I met E. at that time, along with two other witnesses who had come to support the case. While they stayed on Lesvos we talked a lot, told stories, laughed a lot, talked about why we both loved the island where I grew up and argued about which beach was more beautiful and which was the best wine. E. fixed a light fixture in my house that had been broken for two years now and made fun of me about how my knowledge of simple home tinkering was so bad that I always put off fixing it or dealing with it. While he was in Lesvos and waiting for the trial which was constantly postponed, I tried to spend those days with him as just what we were, as friends. I even thought about how he was on an island in the spring, he had taken time off from work, so it was like a vacation. I wanted so badly to get rid of the idea that E. was in danger. I very much wanted to dispel the idea that he might go to jail again, even though I was talking to his lawyers frequently and I knew very well that this trial was hard to be won a second time.
As the day of the trial approached, E. became more and more silent; he stopped making fun of me, of the lamps in the house and my funny attempts to speak Turkish. When I saw him packing his bag before we went to court, I felt the fear, the anxiety, and the tension that this little silent ritual concealed. The bag was closed, but no one knew in what place, in what circumstance it would be reopened. The distance between the ferry to Athens and the prison had become so much shorter. Time, the time to come, the years to come, had also been compressed and suffocated between “innocent” and “guilty.”
The trial was excruciating until the last second and was adjourned for a long time until the verdict came out.
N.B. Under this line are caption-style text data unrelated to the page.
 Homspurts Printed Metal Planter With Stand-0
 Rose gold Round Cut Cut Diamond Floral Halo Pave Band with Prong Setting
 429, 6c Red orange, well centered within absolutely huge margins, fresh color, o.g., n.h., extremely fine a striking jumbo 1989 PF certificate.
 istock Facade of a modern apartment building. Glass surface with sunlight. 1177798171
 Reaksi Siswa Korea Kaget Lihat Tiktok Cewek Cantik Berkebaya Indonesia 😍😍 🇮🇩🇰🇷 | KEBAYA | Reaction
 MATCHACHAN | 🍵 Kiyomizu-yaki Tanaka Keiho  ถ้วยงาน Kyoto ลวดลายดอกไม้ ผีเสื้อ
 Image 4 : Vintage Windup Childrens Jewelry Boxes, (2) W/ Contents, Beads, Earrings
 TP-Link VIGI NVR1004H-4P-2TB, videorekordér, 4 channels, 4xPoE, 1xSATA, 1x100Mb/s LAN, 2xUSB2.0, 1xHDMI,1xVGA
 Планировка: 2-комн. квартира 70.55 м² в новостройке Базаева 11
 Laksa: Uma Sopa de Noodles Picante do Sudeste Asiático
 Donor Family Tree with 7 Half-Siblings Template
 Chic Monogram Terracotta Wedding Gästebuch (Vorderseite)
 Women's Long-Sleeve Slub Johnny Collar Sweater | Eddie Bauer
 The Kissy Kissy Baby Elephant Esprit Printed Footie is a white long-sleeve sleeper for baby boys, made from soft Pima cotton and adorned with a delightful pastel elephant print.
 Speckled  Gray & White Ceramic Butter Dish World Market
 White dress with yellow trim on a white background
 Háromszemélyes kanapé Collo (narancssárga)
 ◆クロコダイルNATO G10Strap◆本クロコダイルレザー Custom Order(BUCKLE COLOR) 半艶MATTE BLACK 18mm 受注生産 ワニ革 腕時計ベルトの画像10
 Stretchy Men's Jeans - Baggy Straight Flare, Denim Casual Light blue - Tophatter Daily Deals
I don’t know if the judges do this on purpose to make sure everyone understands the power, the authority they wield over the bodies they are trying, or if it’s just the way this process works. As soon as the judges returned to announce their verdict, the police officers joined in, waving the handcuffs meant for E. with such ease, as if they were baby rattles and not a tool of deprivation of liberty.
The court said “guilty,” and the handcuffs began to ring in my head all at once, out of sync, out of tune, out of pitch. I looked at E.’s back, standing frozen and I wondered if I’d ever see him laugh again. The cops were approaching him, and I couldn’t even see his back anymore. The lawyers were arguing for mitigating circumstances and a reduced sentence. The sentence drops, it drops, and it drops, and it drops some more, with bargaining, as if we were in a farmers’ market somewhere in Istanbul.
Three years and 11 months. Exactly what it takes to get parole.
The afternoon of the next day, we were arguing in the yard of my house about whether the kebabs I made were better than his. Certainly, his were better, but I wanted to tease him.